> **Task statement**: Working from the entries that follow, transcribe exactly and only the lines from the one with "Used 2019 Kia Sorento AWD V6 image 18" through the last, pictures excluded.
[[ Records shown, beginning ]]
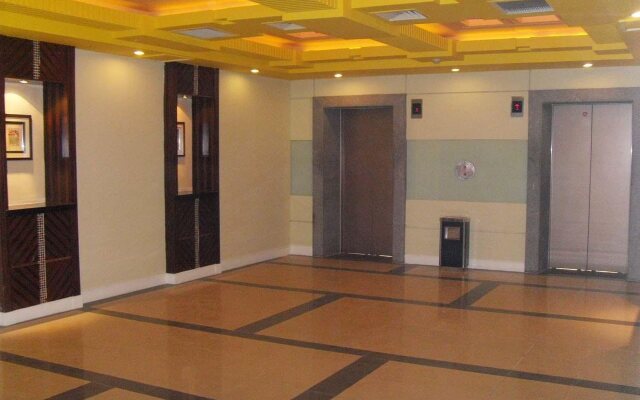 Motel 168 Liu Zhou Road Inn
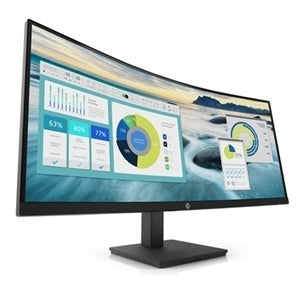 34 P34hc WQHD Curved Power 65W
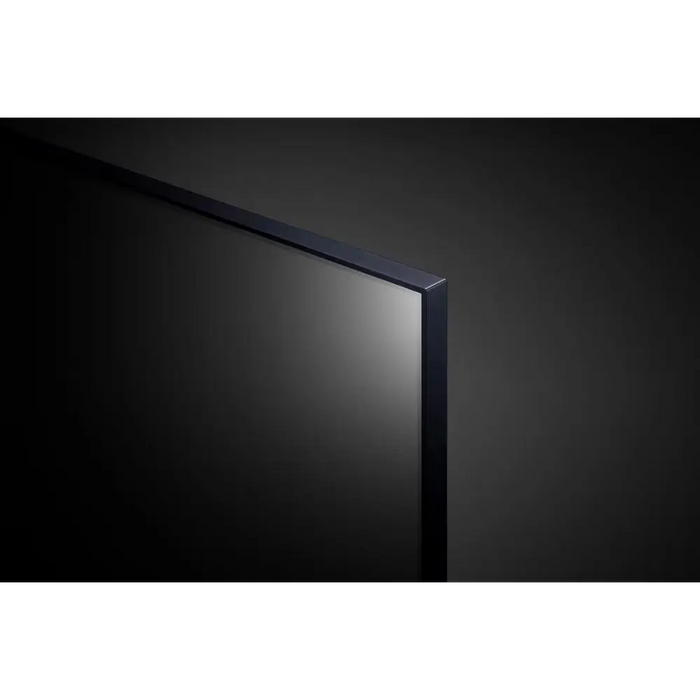 TV LG 43UT80003LA 43’’ 4K Ultra HD Smart TV webOS 24 AI UT80 - Телевизори 43’’<<<LG телевизори<<<LG<<<PolyComp&&&4K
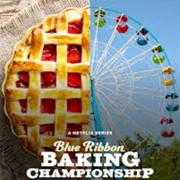 Blue Ribbon Baking Championship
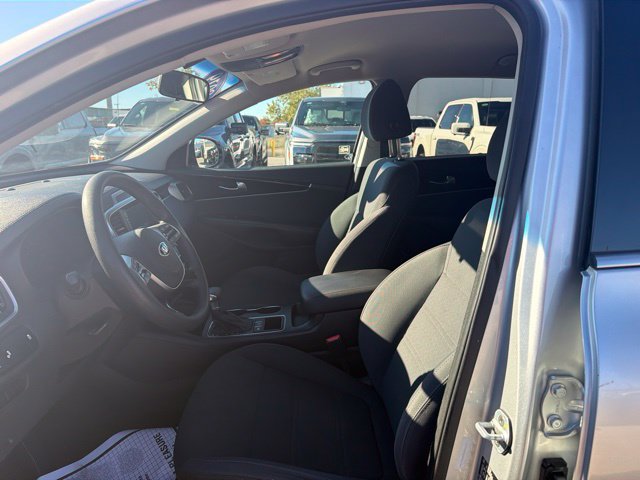 Used 2019 Kia Sorento AWD V6 image 18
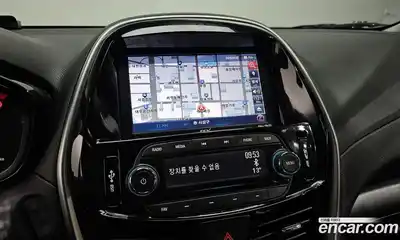 Chevrolet Spark 2017 1.0 Автомат в Москве № 103403, миниатюра 3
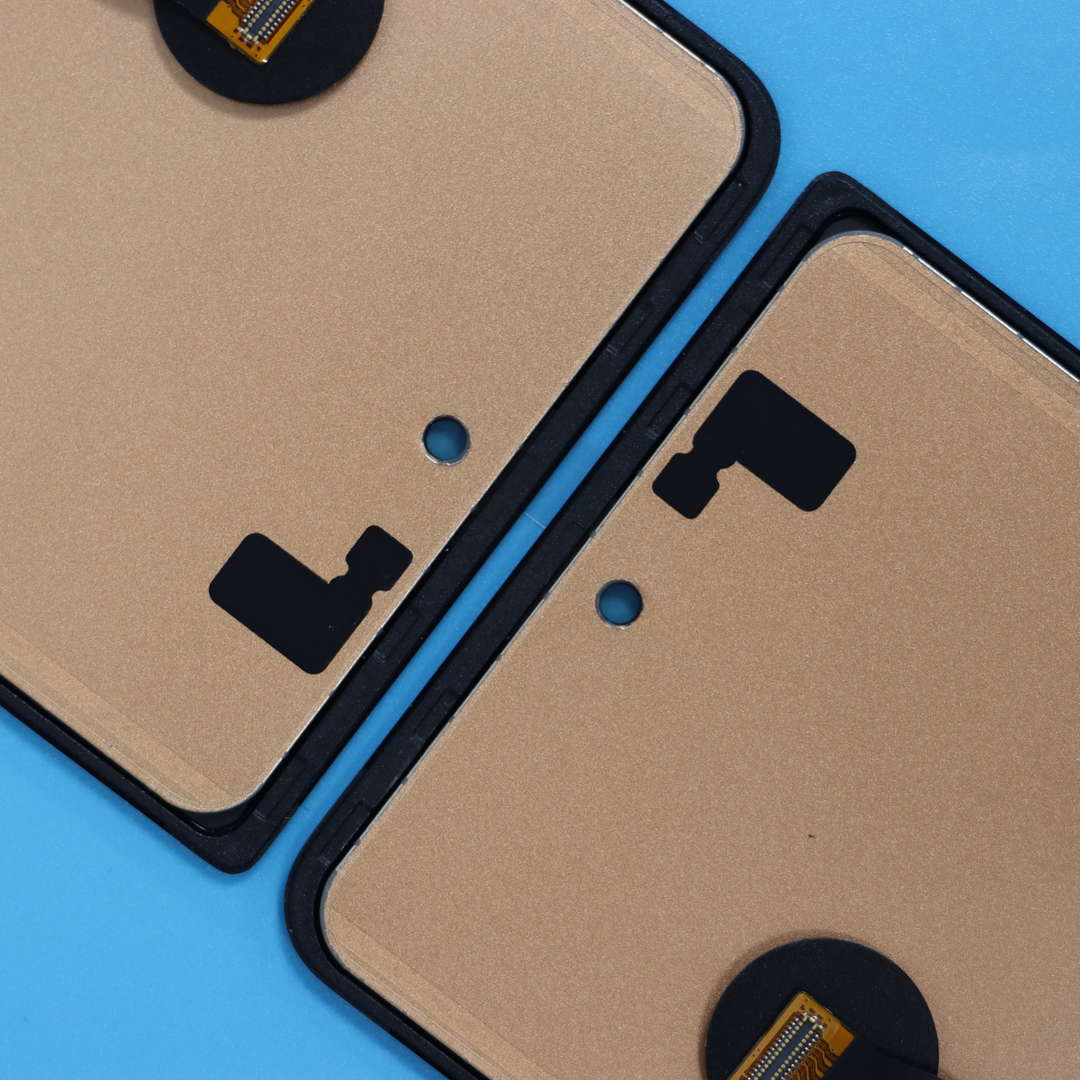 LCD DISPLAY FOR SAMSUNG Z FOLD 5 GALAXY F946 BLACK TFT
[[ Records shown, end ]]
> **Response box**:
 Used 2019 Kia Sorento AWD V6 image 18
 Chevrolet Spark 2017 1.0 Автомат в Москве № 103403, миниатюра 3
 LCD DISPLAY FOR SAMSUNG Z FOLD 5 GALAXY F946 BLACK TFT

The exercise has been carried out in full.